Yeah, it will be small, just as dwarf_cast_expanding_visitor is small,
but let's keep them separate. The session::code_filters is made for
this, even though @cast is the only one there so far.
I'm not sure what's "early" about this though. I do see we have an
unfortunate collision against existing dwarf_var_expanding_visitor --
maybe call this as atvar, e.g. dwarf_atvar_expanding_visitor and
dwarf_atvar_query. (FWIW even I don't think "atvar" is a *great* name,
but "var" is just too general.)
> 2. There's some code duplication between this early @var expansion and
> the existing dwarf_var_expanding_visitor. Maybe we could merge them
> two or just abstract out some common logic?
I think that could be helped a little by deferring the current @var
expansion into your new visitor. This would be much like how the
dwarf_var_expanding_visitor::visit_cast_op() only sets the module name,
so dwarf_cast_expanding_visitor has the right context later.

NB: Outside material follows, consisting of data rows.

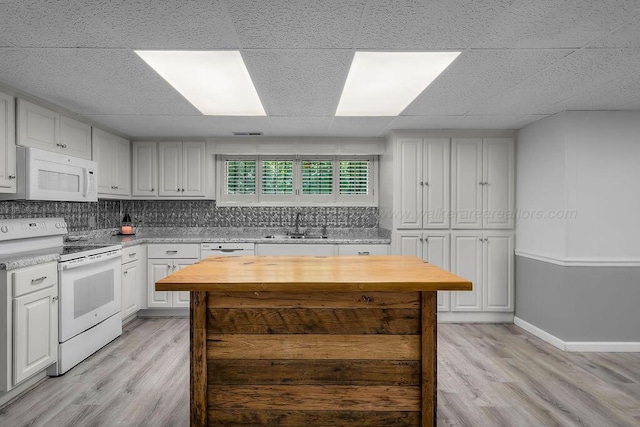 505 3rd Ave, Jasper, AL 35501 - kitchen with white appliances, light wood-type flooring, butcher block countertops, a drop ceiling, and white cabinetry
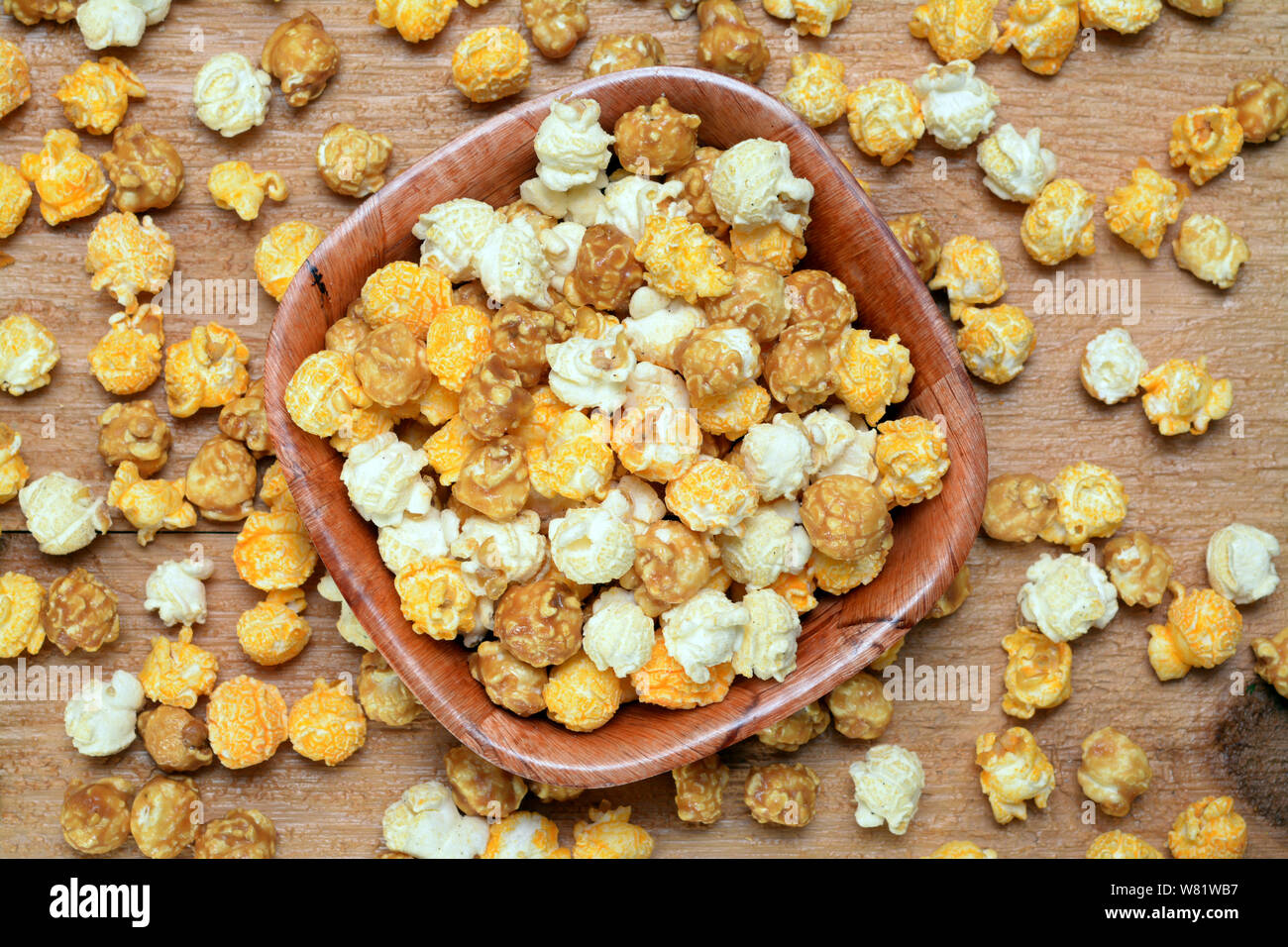 Popcorn caramellato in ciotola di legno su tavola Foto Stock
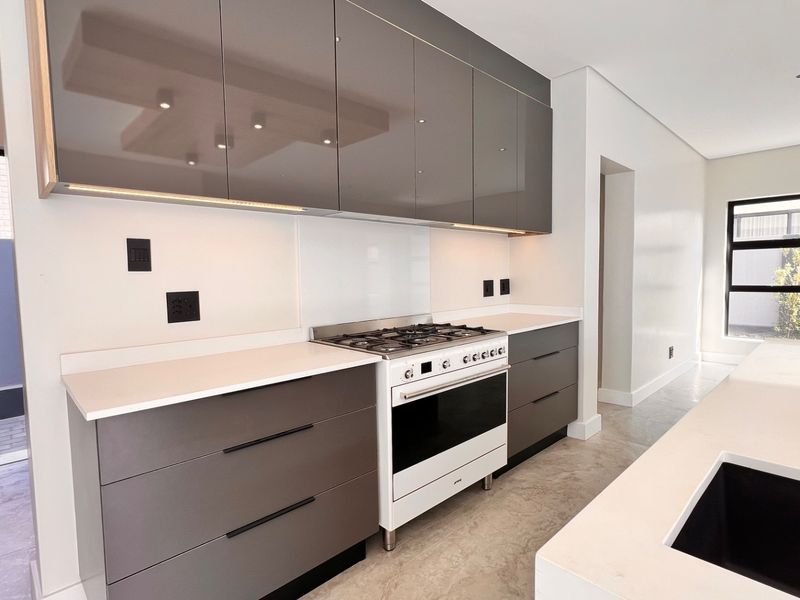 Modern kitchen featuring sleek gloss cabinetry, quartz countertops, a gas cooktop with oven, and integrated lighting, offering a clean and contemporary culinary space.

> Because I'm very new to the systemtap code base, I'd highly appreciate
> any suggestions or other comments!
On the note of deferring as @cast does, I also think that @var should
really be its own target_symbol subclass, rather than being a weird
special-case flavor of target_symbol as it is now. I know this is not
your invention, but "target_name", "cu_name", and now "module" are all
specific to @var needs. It's a bigger change to make a new atvar_op, as
many tree visitors will need to be expanded, but I think it may be
cleaner overall.
...
> +void
> +dwarf_var_query::getscopes(target_symbol *e)
I can see this is copied from dwarf_var_expanding_visitor::getcuscope.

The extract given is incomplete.